10 Temmuz 2010 Cumartesi

ÖLÜM ASLANIN AĞZINDA

Yaşayan yaşlılarımız dünyayı özetler ve derlerdi ekmek aslanın ağzında diye, yani geçimin zorluğu, imkansızlığına delalet.

Siz sonbahara çalan okuyucularıma bugüne dek bir çok konuyu gündüz dervişi gibi terennüm vurdum. Teknoloji düşmandır, kadınlar çakaldır, internet lağımdır, feysbuk yozdur, kablolar yaşamaya engeldir, falanina, filanino.

Şimdi farklı bir değişime rüzgar açtık. Yani ölüme giden yolları nasıl yaşayamak gerekir diye. Yüksek standarlarda mı, düşük frekanslardamı, yani havana beach mi, sokakta piç mi?

Yüksek standartlarda, fitnesli, diyetli, cemiyetli yaşamanın izdüşümünü özetlerken, cesediniz yarın saat olmadı 15 dakika geç çürür lafımı anmadan geçemem, yada ömrünüz mücadele ile geçmişse, beden su katılmış çelik gibi savaşlarda yıpranmışsa, 15 dakika erken çürüyebilir.

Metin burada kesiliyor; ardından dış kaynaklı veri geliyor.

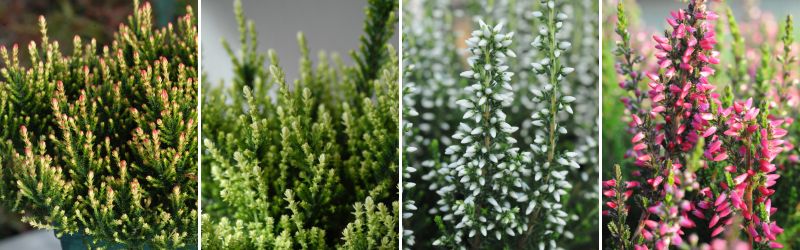 calluna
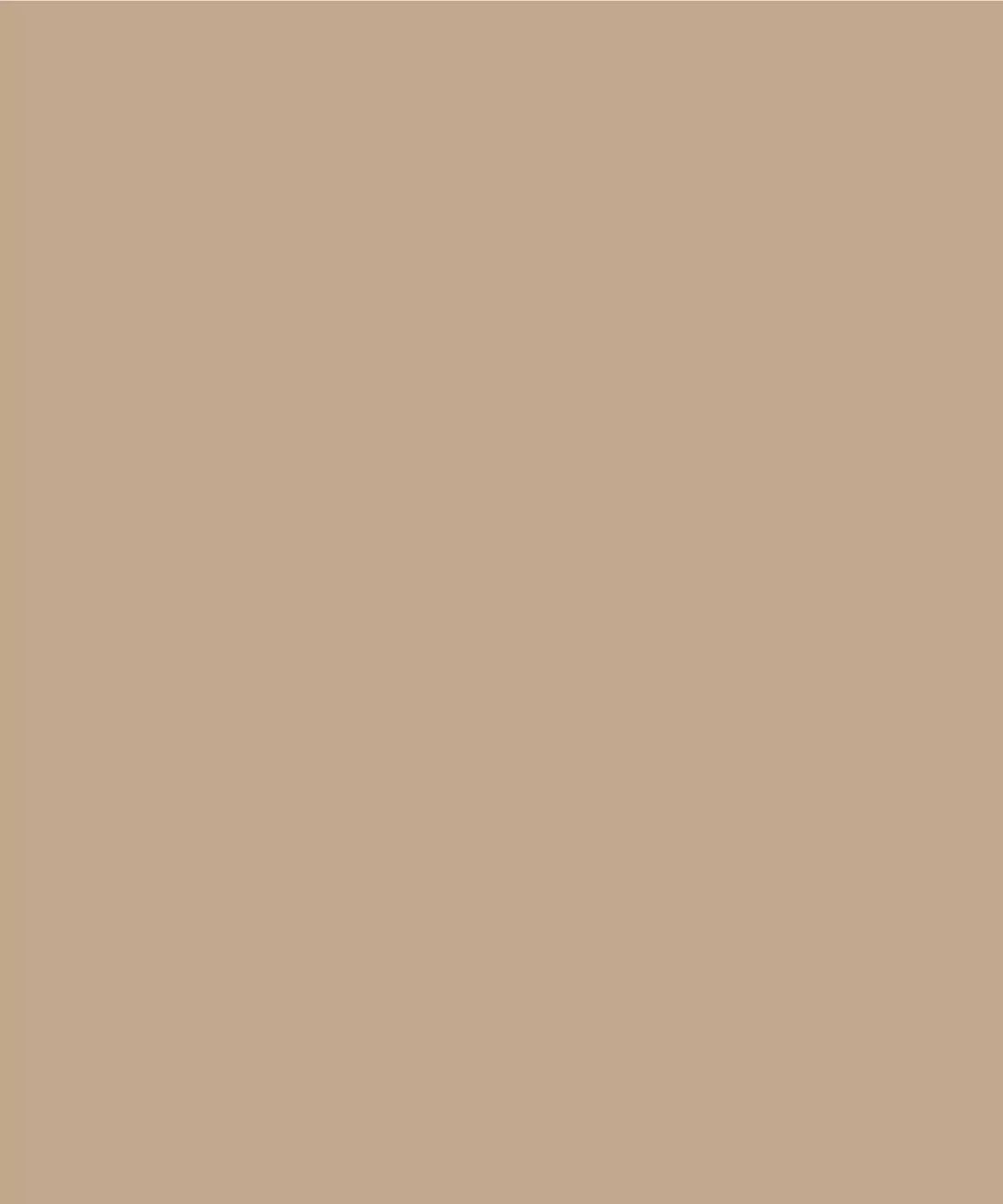 Teak Beige Solid Color Backdrop for Photography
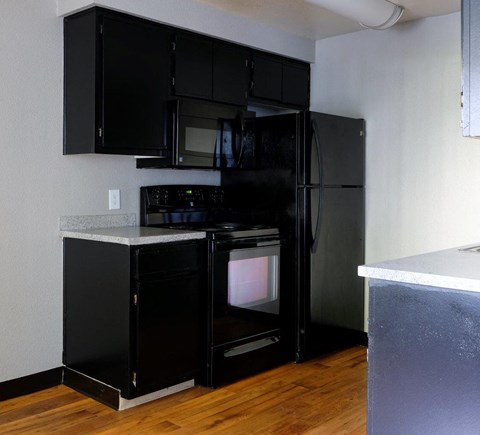 a kitchen with black cabinets and a black refrigerator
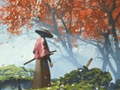 Jeu Samurai Reflexion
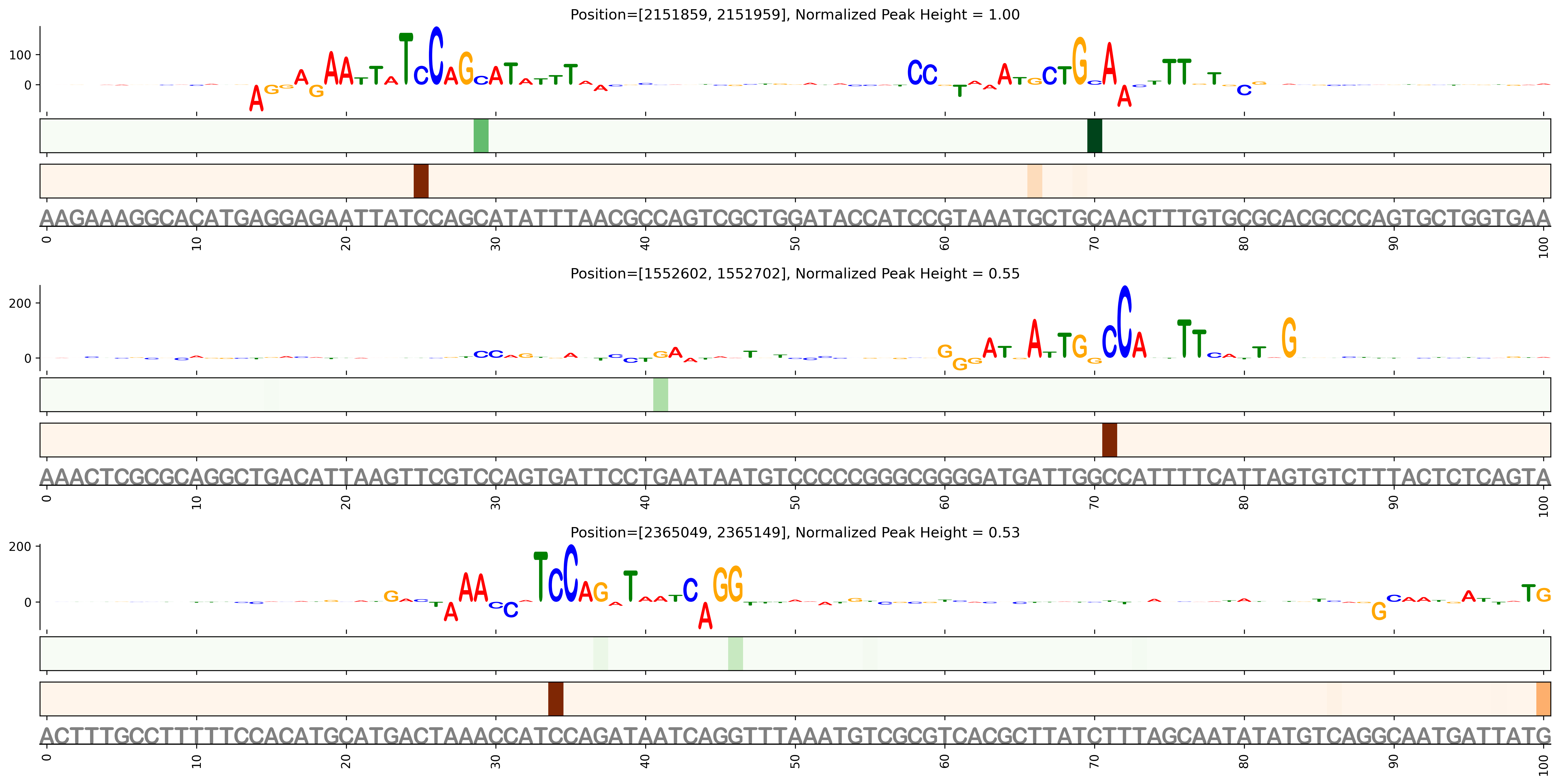 Predicted Binding in Top ChIP-Seq Binding Sites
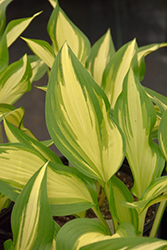 Cool As A Cucumber Hosta (Hosta 'Cool As A Cucumber') at Canadale Nurseries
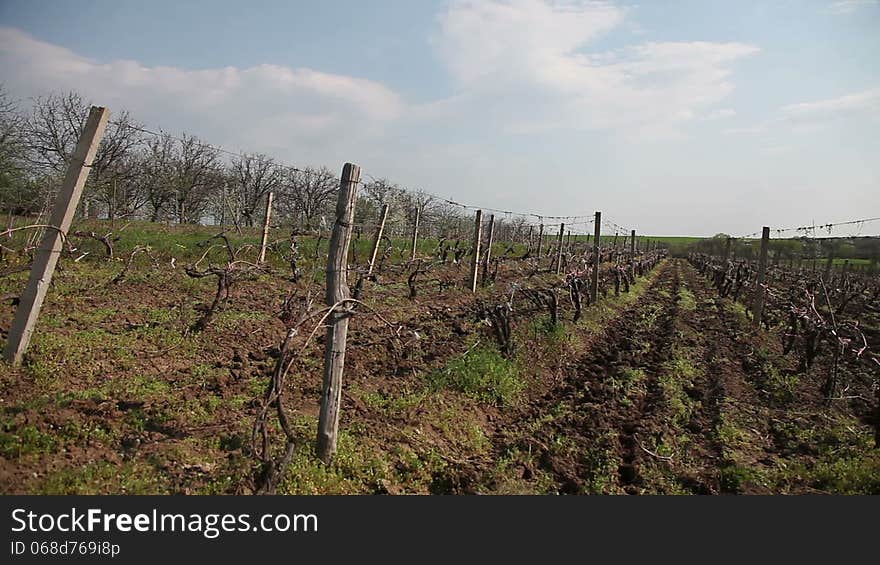 Pan shot of young vineyards in the spring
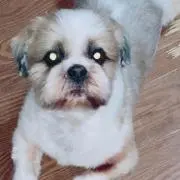 ナミ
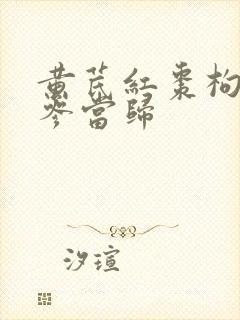 黄芪红枣枸杞党参当归封面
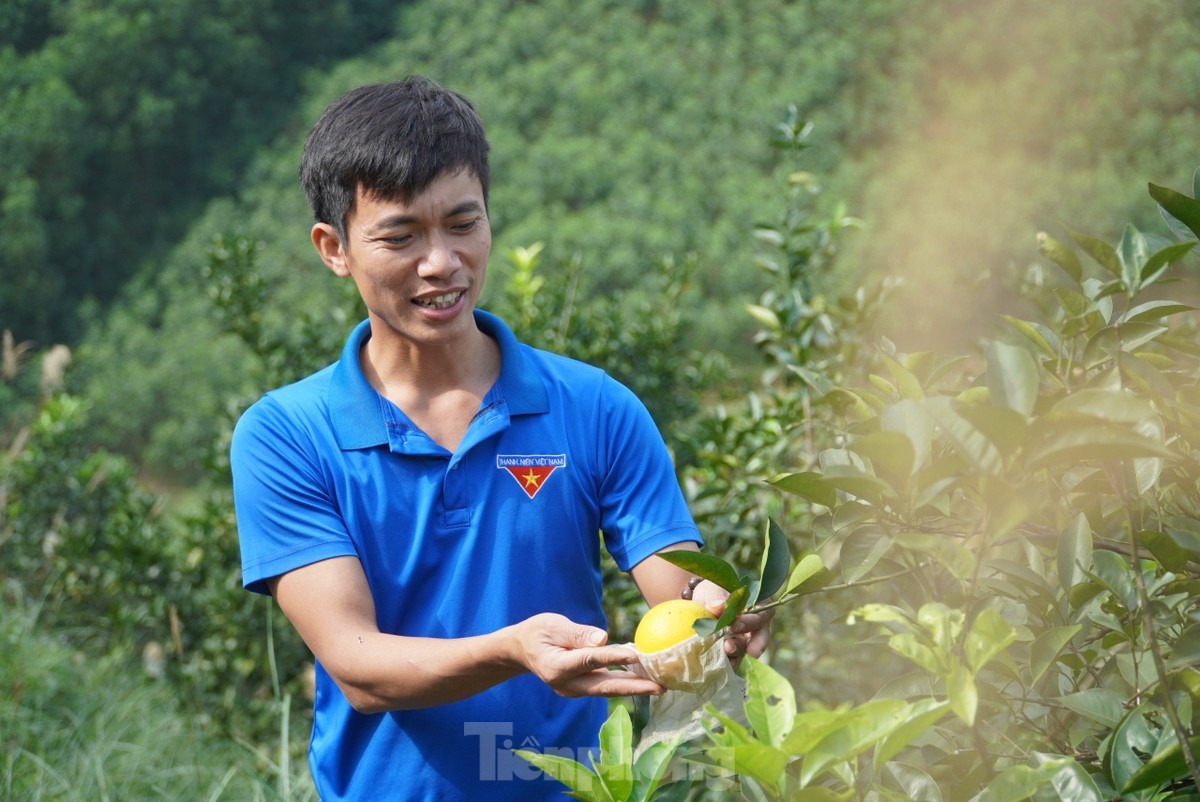 Nắng nóng đỉnh điểm, nông dân vất vả 'làm mưa' chống hạn cho cây trồng ảnh 6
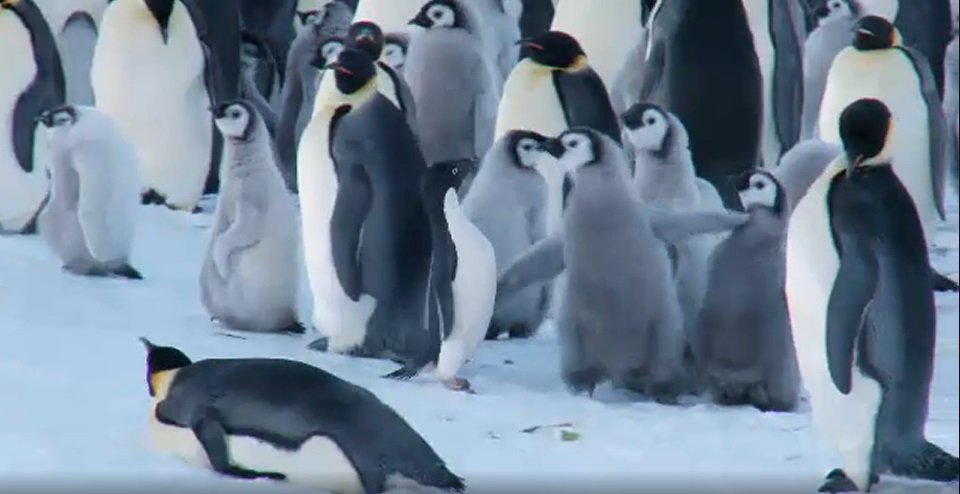 Adélie Penguins | Snow Chick – A Penguin’s Tale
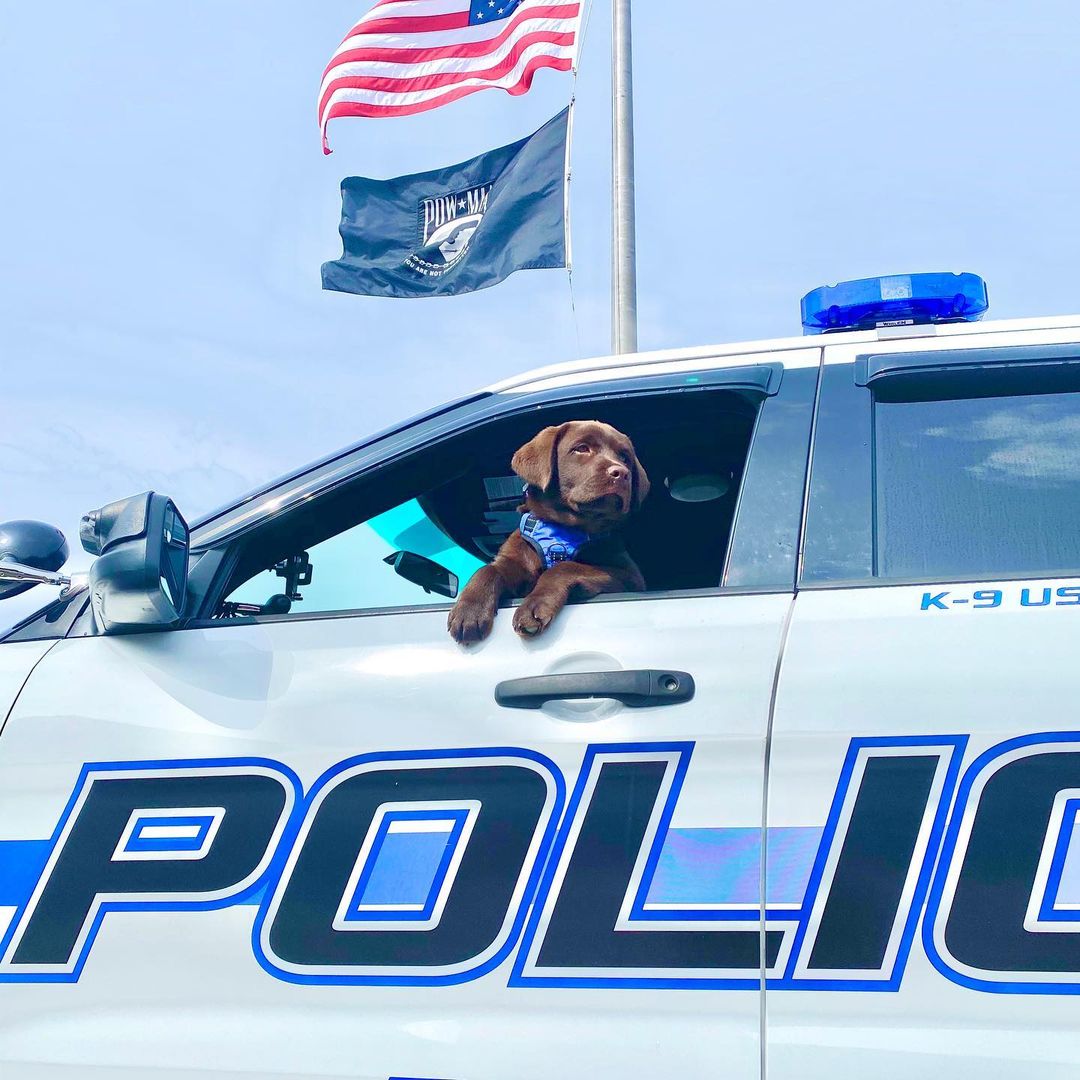 Polizeihund in einem Polizeiauto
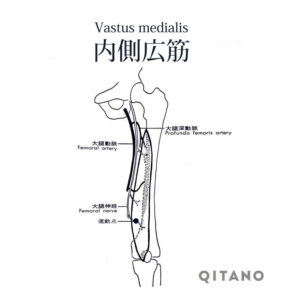 内側広筋（ないこくこうきん）大腿四頭筋（だいたいしとうきん）機能解剖学図・起始停止・働き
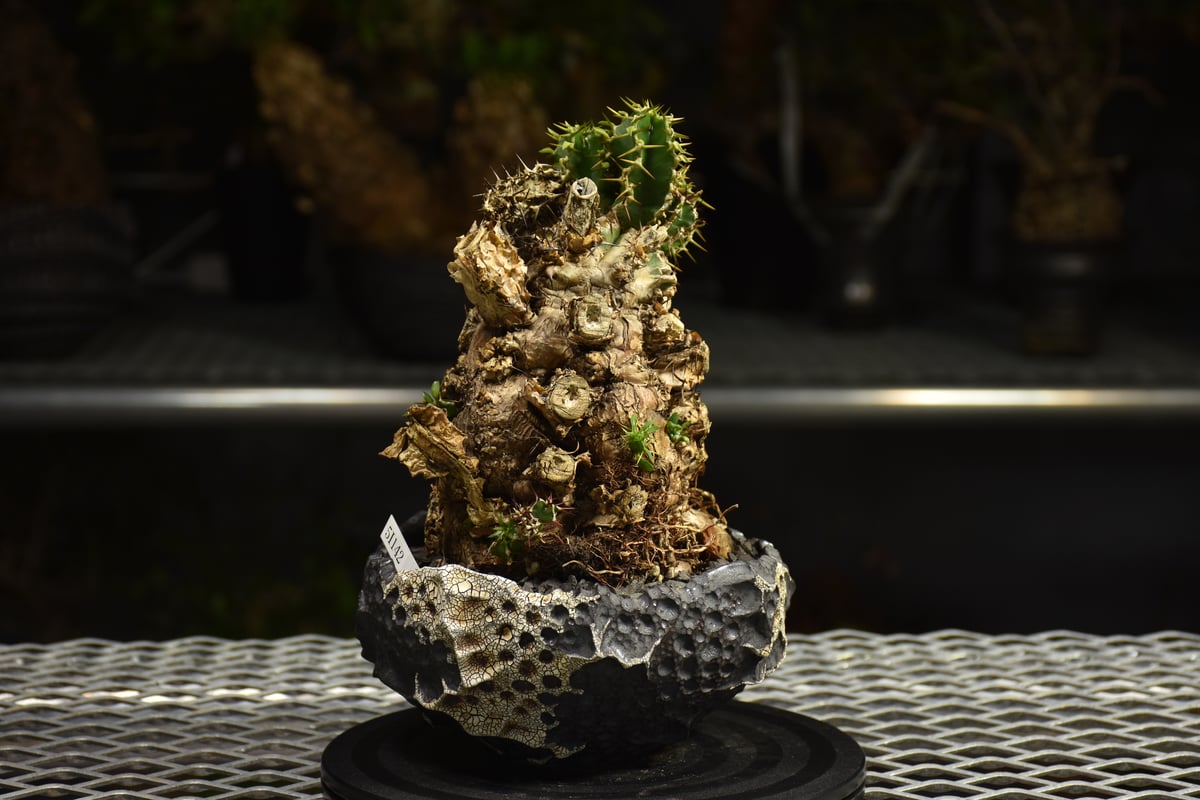 発根済み　ユーフォルビア　ムランジーナ Euphorbia mlanjeana ユーフォルビア ムランジーナ 発根済現地株 I79 |
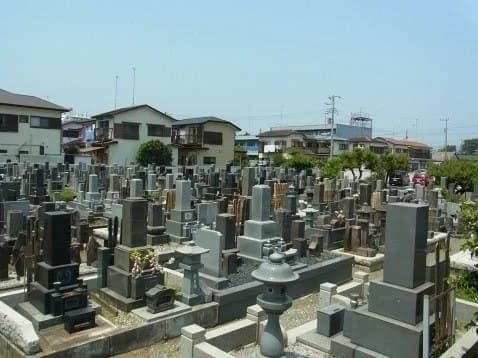 妙蓮寺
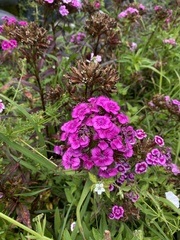 Dianthus barbatus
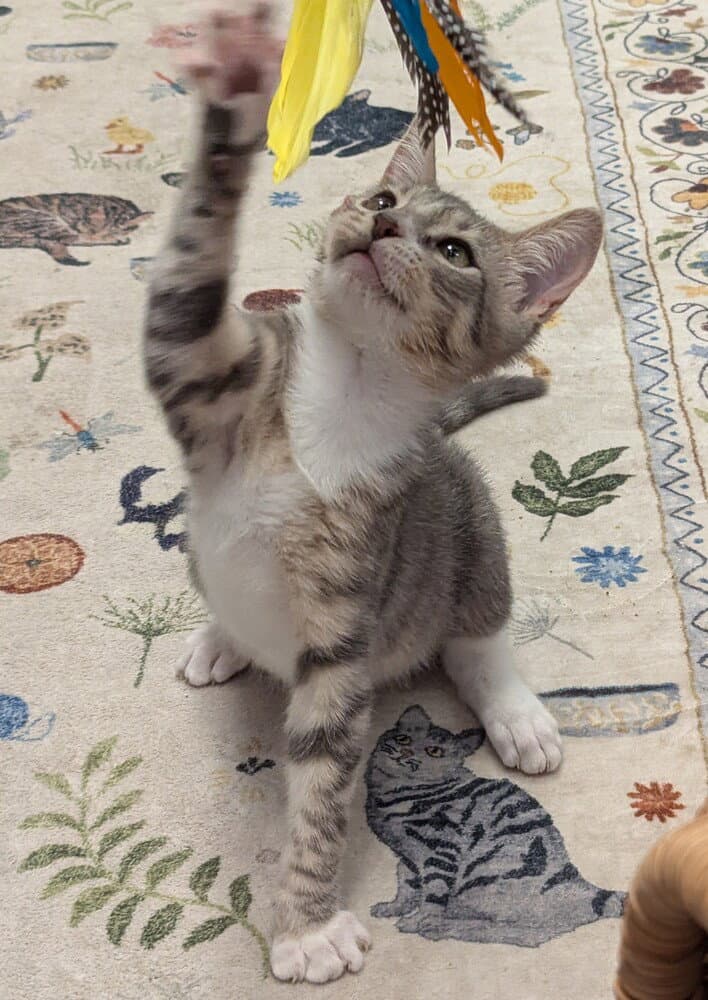 Oscar - Domestic Short Hair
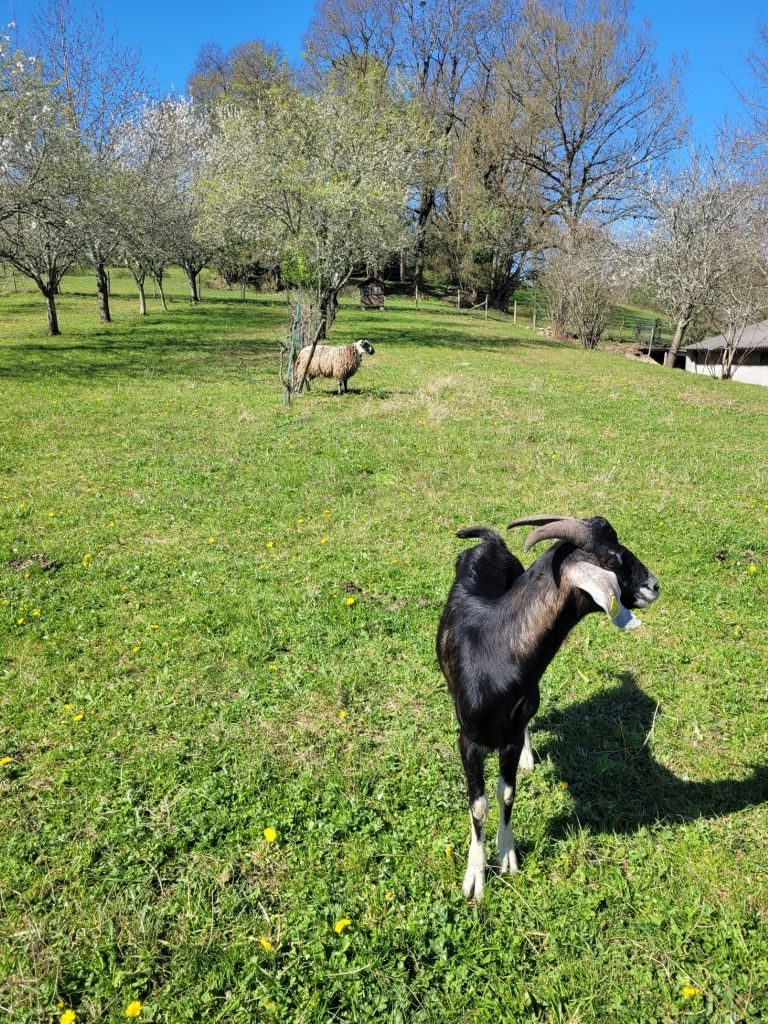 La Ferme de Marie et Jimmy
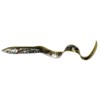 Savage Gear Lamprey PHP Bulk Artificial Bait 3D Real EEL
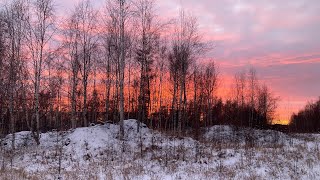 Поездка в лесную избу. Промысловая охота на соболя, белку капканами.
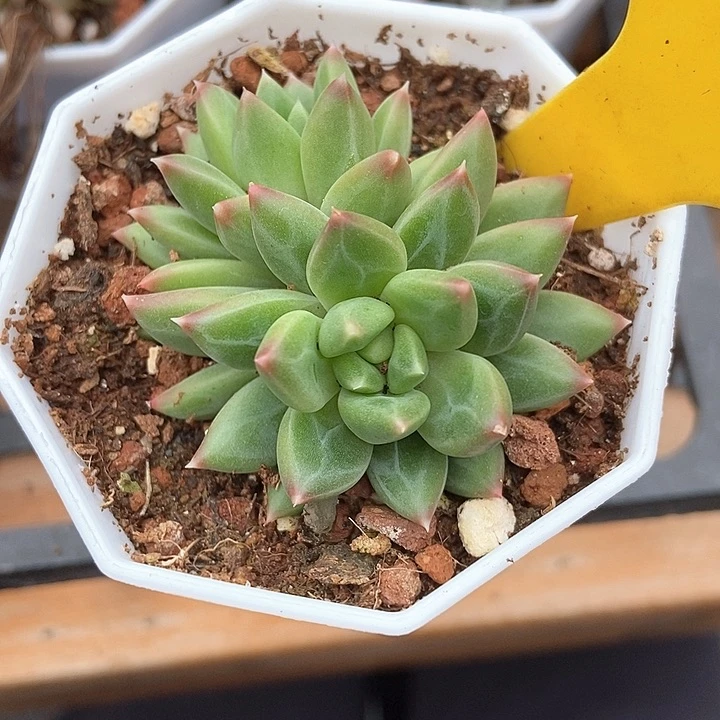 楠**园多肉植物1099多肉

Buradaki ironi; dünyayayı dünyadan ibaret bilenlere yapılmış bir ekmek arası zerzevat. Yiyene afiyet olsun.

Bendeki tanımlara göre ise, ölmek bir ucu açık yitiş, açık uçtan geçene rab rızası, geçemeyene hak cezası. Yani sahte ömrün cidarı iki yollu bir vana.